Non si tratta di una questione di bavaglio. Basta pensare a frasi celebri riportati dai quotidiani come le intercettazioni emerse nel famoso processo Vallettopoli o quello dei Furbetti del quartierino. Frasi che più che determinare indirizzi investigativi hanno consacrato un modo di comunicare e di leggere la realtà dell’illegale manco fosse materiale da sceneggiature di cinepanettoni: “Stamo a fa’ i froci cor culo degli altri”, “la patonza deve girare”, “Abbiamo una banca ,“Senti, ti volevo dire: domani mattina, in mattinata, che ne so, undici e mezzo, undici… – Sì, chi ci trombiamo?”.

Il tema della riforma giudiziaria non riguarda un ministro o il legislatore che pure deve decidere. Ci sono mondi collaterali ad eccezione della Camera Penale che raggruppa tutti i penalisti italiani totalmente in imbarazzante silenzio come il mondo dell’avvocatura spesso confinato in querelle o bagatelle che sminuiscono la funzione della toga da un punto di vista etico senza riconoscerne il valore.

È doveroso precisare che la riforma non dovrà limitarsi ad aspetti meramente tecnico-procedurali come la porcheria del trojan o il frequente asse pm/media sulle intercettazioni ma va ben aldilà e coinvolge valori costituzionali come certezza della pena, la garanzia di processi che si svolgano in tempi certi per il riconoscimento o meno della presunzione di innocenza così come è diventato centrale anche per una democrazia difficile come la nostra assicurare l’umanità delle carceri.

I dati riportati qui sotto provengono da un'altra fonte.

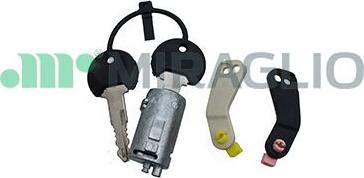 Miraglio 80/1032 - Циліндр замка autocars.com.ua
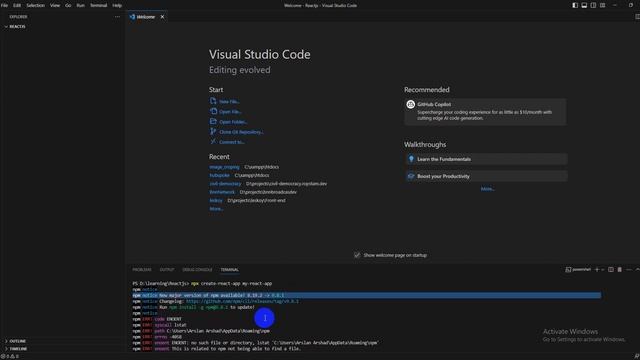How to Set Up a React Application   Step by Step Tutorial
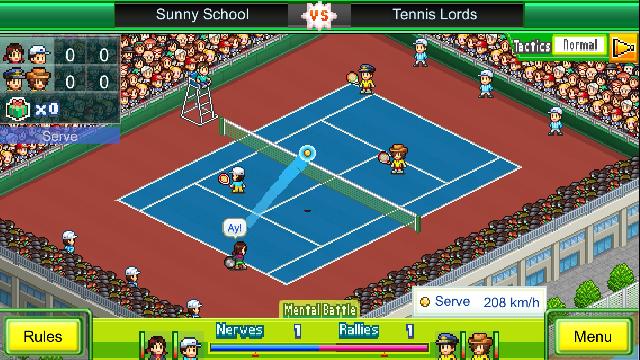 Tennis Club Story screenshot 69893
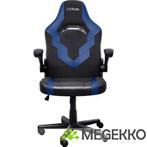 Trust GXT 703B Riye Gaming Stoel Blauw, Huis en Inrichting, Bureaustoelen, Verzenden, Nieuw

Su quest’ultimo punto, il riscontro della cronaca: sette minorenni evasi dal carcere minorile dal “Beccaria” di Milano fanno alzare i toni del discorso securitario inducendo l’opinione pubblica a rafforzare l’insano principio del “gettare le chiavi”. Toni forti vengono utilizzati l’evasione di sette minorenni mentre si resta in silenzio assordante per la lunga sequenza di suicidi in carcere che mette in gioco il rispetto della dignità umana.

Nei prossimi giorni non ci sarà da aspettare ancora dichiarazioni di intenti dell’attuale ministro di Giustizia. Basta acquistare l’ultimo libro edito da LiberiLibri: 70 pagine di una pubblicazione tutt’altro che enciclopedica ma solo un viaggio storicopolitico che parte dall’ìdea di giustizia per finire ai punti cardini di una impresa riformatrice difficile, non dilazionabile e coraggiosa che assicura Nordio “sicuramente incontrerà mille ostacoli ed opposizioni da parte dei pronipoti dell’Ancien Regime”. Una considerazione veritiera che sicuramente accende il dibattito su una riforma che dal 1994 si trascina nella crisi del paese e fa parte della mai compiuta transizione dalla cosiddetta Prima Repubblica ai tempi moderni.

Entrando nell’ultima settimana dell’anno non resta che augurarsi che l’esecutivo Meloni abbracci i ragionamenti di Nordio riscattando i silenzi ed omissioni del passato.